Il aura fallu dix ans de bataille aux actionnaires de l'ancien numéro 1 du pétrole russe pour obtenir gain de cause : une condamnation de la Russie pour avoir exproprié Ioukos, à l'époque où la compagnie était dirigée par Mikhaïl Khodorkovski. L’oligarque millionnaire avait osé défier le Kremlin. Il avait été incarcéré en 2003, et condamné à 10 ans de prison pour détournements de fonds et fraude fiscale avant d'être finalement gracié, à la surprise générale, par Vladimir Poutine, en décembre dernier quelques mois avant d'avoir purgé sa peine.
Leonid Nevzline, principal bénéficiaire du dédommagement
Le groupe Ioukos, qui pesait avant 2003 quelque 40 milliards d'euros, a été démantelé et la majeure partie de ses avoirs ont été transmis à Rosneft, l'actuel numéro 1 du pétrole russe, dirigé par Igor Setchine, un ancien collaborateur de Vladimir Poutine.

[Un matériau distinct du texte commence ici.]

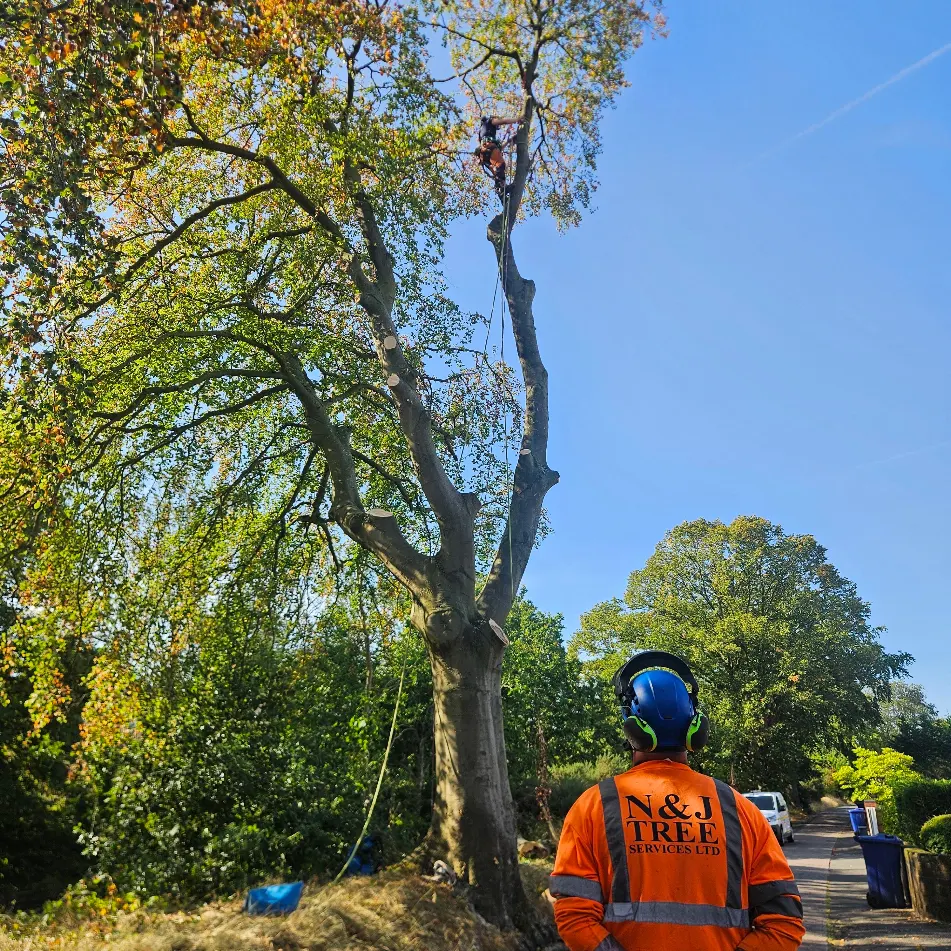 N&J arborists carrying out the controlled dismantling of a mature tree beside Priory Road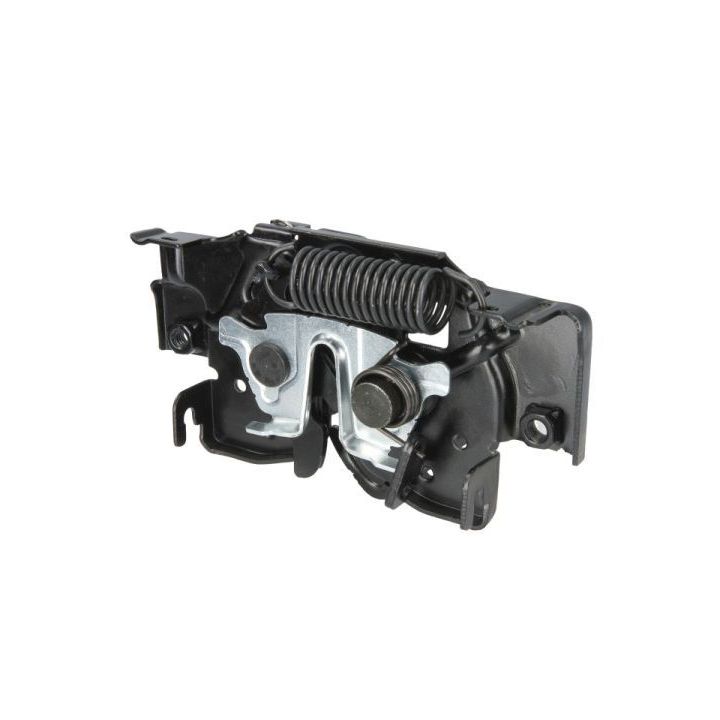 Gaubto užraktas BLIC 6010-14-028424P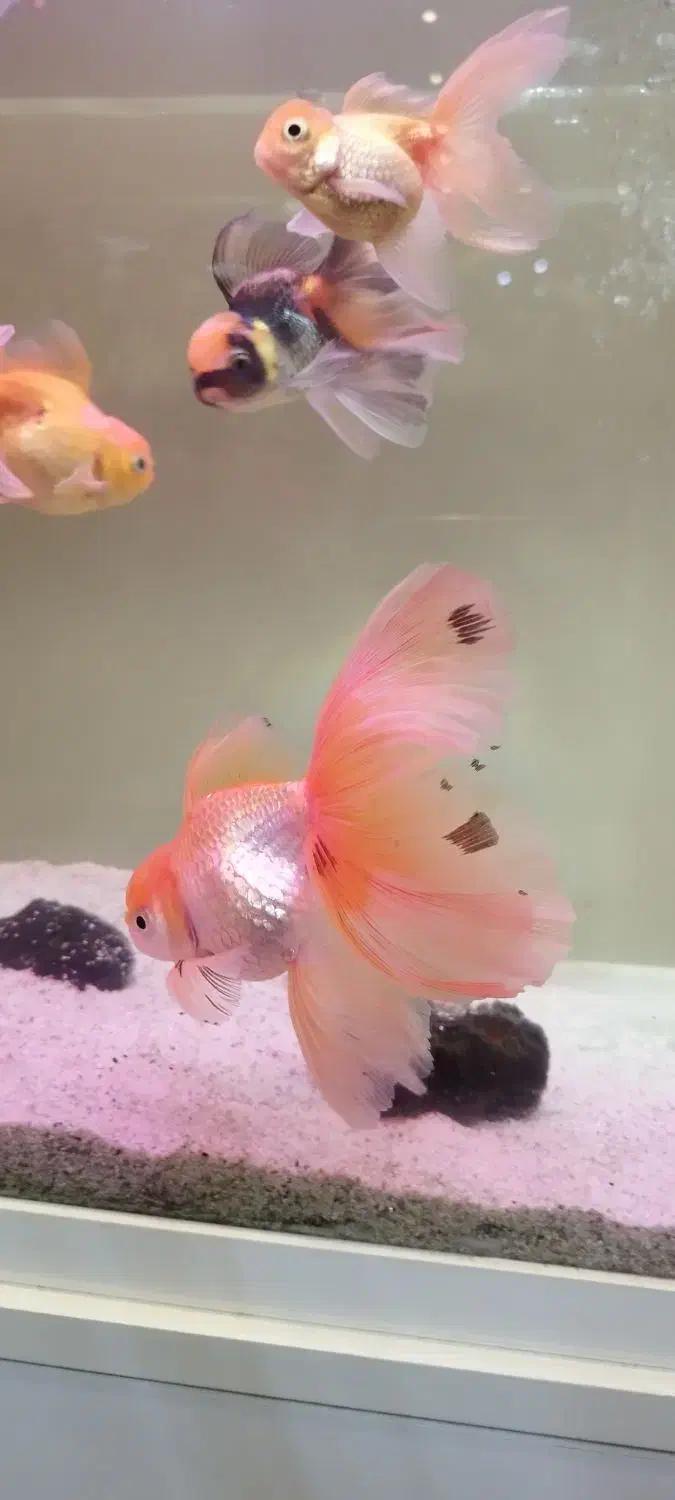 ماهی گلدفیش|ماهی|شیراز, فرهنگیان|دیوار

La Russie devra verser ces 50 milliards de dollars de dédommagement d'ici janvier prochain au groupe Menatep, holding par l'intermédiaire de laquelle Mikhaïl Khodorkovski contrôlait Ioukos, et que l'homme d’affaires, incarcéré, avait vendue à l’un de ses associés - Leonid Nevzline -, avant que ce dernier ne prenne la fuite en Israël pour échapper à la justice russe.
A l'annonce de la décision de la cour de La Haye, à la mi-journée ce lundi, le titre Rosneft perdait 1,4 %.
Moscou conteste
Avec notre correspondante à Moscou, Veronika Dorman
Moscou conteste évidemment la décision de la cour d’arbitrage de La Haye.
Première réaction, celle de Rosneft. le groupe pétrolier public russe, devenu un géant mondial après le démantèlement de Ioukos et l’emprisonnement de son patron, Mikhaïl Khodorkovski.
Les transactions à l’époque étaient « tout à fait légitimes et conformes à la législation », affirme Rosneft, accusé par les plaignants d’avoir bénéficié du hold-up de Ioukos par l’État russe. Le Kremlin aurait alors fait d’une pierre deux coups : il se débarrassait d’un oligarque trop ambitieux politiquement, tout en s’appropriant son empire industriel.
Le ministère russe des Finances a, quant à lui, dénoncé les lacunes importantes du jugement, rendu par un tribunal qui n’est pas compétent sur le sujet. La Russie va faire appel en vue d’obtenir une annulation dudit jugement. L’ intention a été confirmée
aussi par le ministre des Affaires étrangères russes, Sergueï Lavrov, qui a déclaré que Moscou allait « utiliser toutes les options juridiques disponibles pour défendre sa position ».